• **INFORMATION SUPPLIED**:
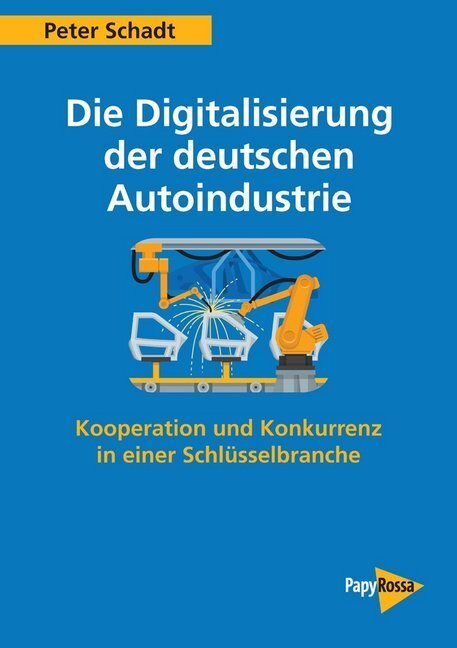 Die Digitalisierung Der Deutschen Autoindustrie | Peter Schadt | 2020
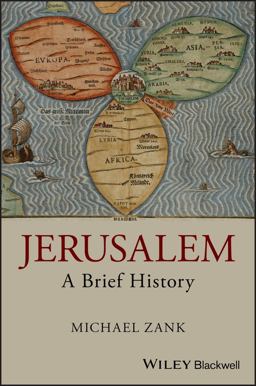Jerusalem A Brief History  9781405179720 Front Cover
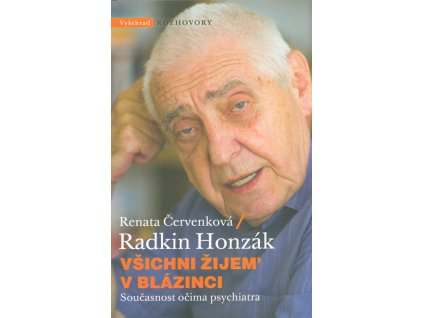 Všichni žijem v blázinci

• **THE PROBLEM**:
Starting with the line that contains "Jerusalem A Brief", copy every line word for word through the end of the listing above, but leave out the pictures.

• **REPLY**:
Jerusalem A Brief History  9781405179720 Front Cover
 Všichni žijem v blázinci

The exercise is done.